Arriving just as Britain’s dire housing crisis is set to be a key campaign issue in next year’s long-awaited general election, “The Kitchen” offers a solemnly affecting look at what might happen if it’s left to fester. Zooming through a dystopian London in what seems the too-near future, this sharply accomplished feature directing debut from Kibwe Tavares and actor Daniel Kaluuya surprisingly eschews high-concept genre plotting to go with its elaborate sci-fi scene-setting, instead narrowing to an intimate, humane study of Black male bonding in a time of systemic social oppression. If the lean screenplay (by Kaluuya alongside “Calm With Horses” writer Joe Murtagh) somewhat runs out of gas by the finale, the film’s persuasive world-building and fiery political ire keep it compelling. Netflix will release “The Kitchen” — a fitting, resonant closer to this year’s London Film Festival — in early 2024.

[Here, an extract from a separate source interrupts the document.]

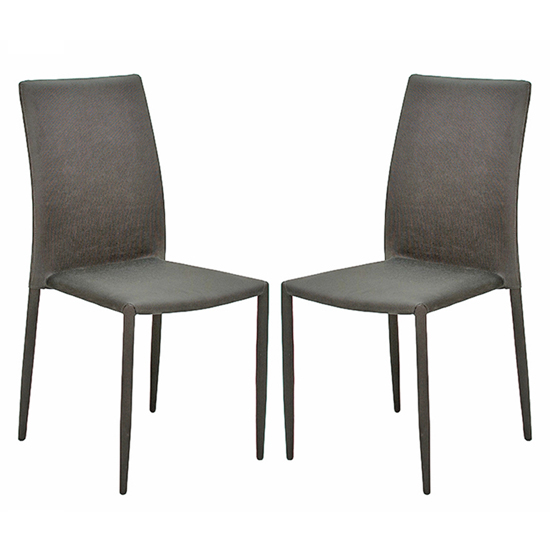 Product photograph of Enzi Dark Grey Fabric Dining Chairs In Pair from Furniture in Fashion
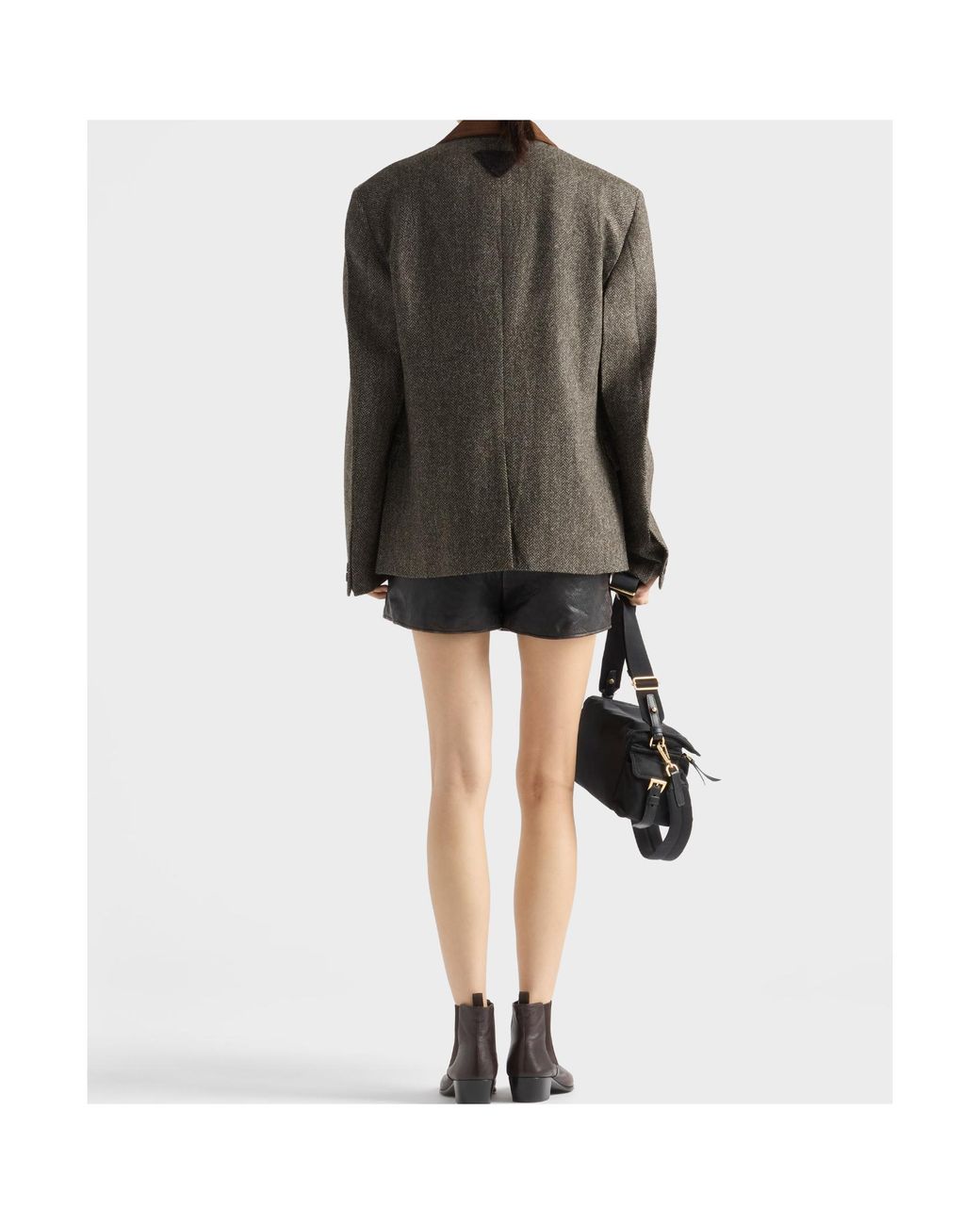 Prada Black Leather Shorts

Call it the exasperated payoff from 13 years of Conservative austerity, but British cinema feels in a notably pessimistic place. The fall festival season alone has seen the premiere of multiple glum snapshots of a country — and especially a capital — in social, economic and environmental crisis: Take Mahalia Belo’s “The End We Start From,” about a future, climate-changed Britain devolving into anarchy, or even Andrew Haigh’s present-day “All of Us Strangers,” its lonesome mood defined by ghostly London towers of unoccupied, overpriced new-build apartments. A more overt feat of protest cinema, “The Kitchen” is predominantly set in the opposite (but closely adjacent) kind of urban development: a sprawling south London social housing estate, long abandoned by the government, the neglect of which has engendered a fiercely communal spirit among its mostly Black, working-class inhabitants.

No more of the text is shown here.